Functional enrichment analysis of key module genes

In order to investigate the function of genes in the selected module, genes of the most meaningful modules, the key modules, were uploaded to the online database DAVID (https://david.ncifcrf.gov/) for annotation. Gene Ontology (GO) and biological process analyses were performed using Kyoto Encyclopedia of Genes and Genomes (KEGG) pathway enrichment analysis (1517). False discovery ratio (FDR) <0.05 was considered to be statistically significant.

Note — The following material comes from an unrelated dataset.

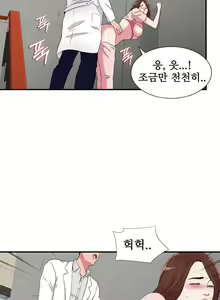 Page 154 of Sight - preview thumbnail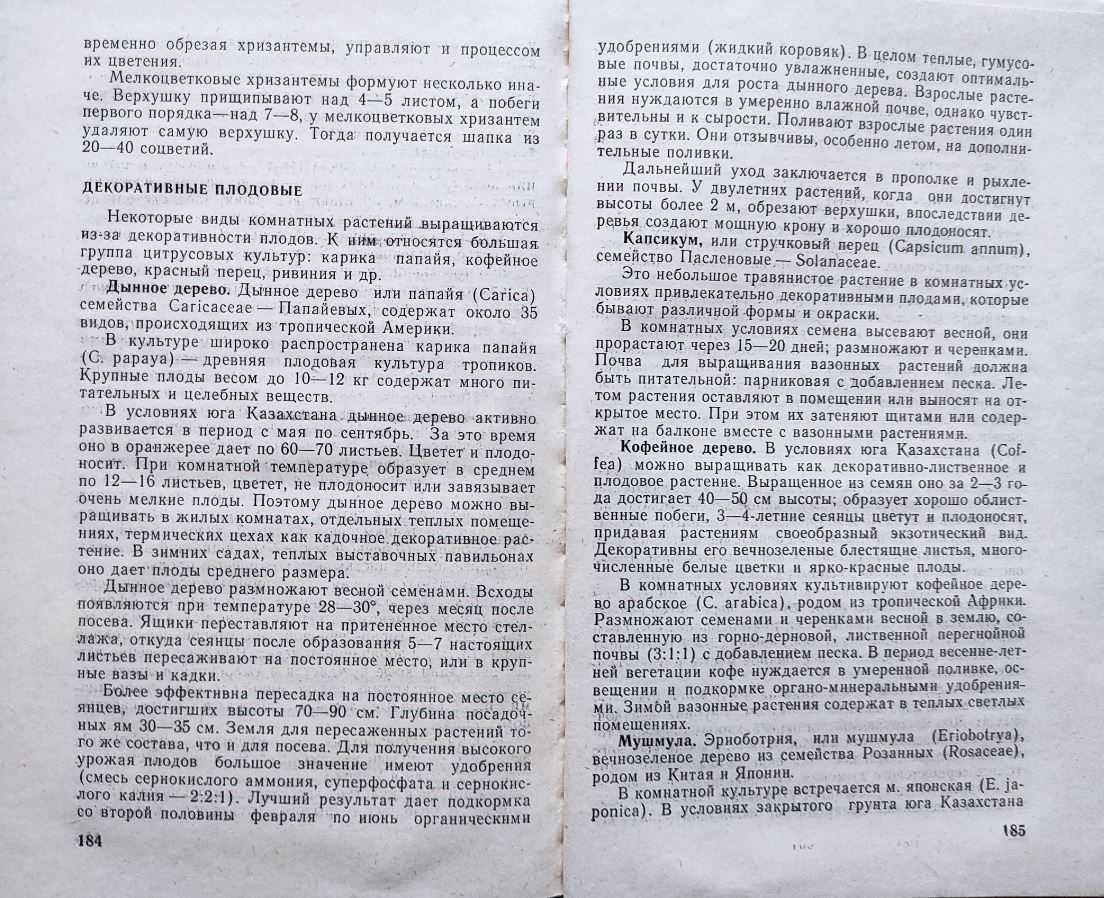 Цветоводство – подборка книг_02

Identification of hub genes

The key module networks obtained from WGCNA analysis were imported into Cytoscape version 3.7.1 platform (18). Based on the degree of association, the top 30 hub genes of the 2 key module networks were selected as candidate genes for further analysis, verification and visualization.

Validation of hub genes

The limma algorithm of the R package (version 3.5.2) was used to screen the differentially expressed genes (DEGs) between CRC and normal samples in the dataset GSE21510, and the heatmap of DEGs was generated using the ggplot2 function of the R package (19,20). The significant DEGs were identified with the critical value of logFC≥|1.0|, and the adjusted P<0.05. A Venn diagram was drawn (http://bioinformatics.psb.ugent.be/webtools/Venn/) to obtain the overlapping genes in key modules from GSE87211 and DEGs from GSE21510. TCGA data of patients with CRC existing in the Gene Expression Profiling Interactive Analysis (GEPIA; http://gepia.cancer-pku.cn) database were used to validate the expression of the hub genes (21). P<0.05 was considered to indicate a statistically significant difference.

Results

Gene selection and hierarchical clustering analysis

The R software was used to pre-process the original data for background correction and normalization. Probes used in the GEO datasets without corresponding annotation information, or probes matching multiple genes were removed; for genes matched by several probes, the median of that gene expression was selected. The expression profiles of 34,127 genes in 363 samples were obtained from the GSE87211 dataset. WGCNA was constructed by arranging the SDs from large to small, and the top 5,000 genes were selected. In order to further determine whether all samples obtained were suitable for WGCNA network analysis, samples with the clinical characteristics were analyzed. As a result, the 363 samples were divided into 2 clusters in the dendrogram (Fig. 1A). The threshold power (β), a key parameter for WGCNA, affects the independence and average connectivity of the co-expression module. The network topology of β from 1 to 30 was analyzed, and for further analysis, all samples with β=5 were selected, as the lowest power of the scale-free topological fitted an index of R2=0.9 at this point (Fig. 1B).

Figure 1.

Figure 1.

Sample Clustering tree and soft threshold power analysis. (A) Sample dendrogram and trait heatmap were based on the GSE87211 dataset, which contained 163 CRC and 133 normal samples. The top 5,000 genes with the highest standard deviation values were used for WGCNA. Color intensity was proportional to disease status, sex and age. (B) Scale independence analysis of soft-thresholding power for the scale-free fit index of network topology. (C) Mean connectivity analysis for various soft-threshold powers. Determination of soft-thresholding power by analyzing network topology for thresholding powers from 1 to 30. WGCNA, weighted gene co-expression network analysis.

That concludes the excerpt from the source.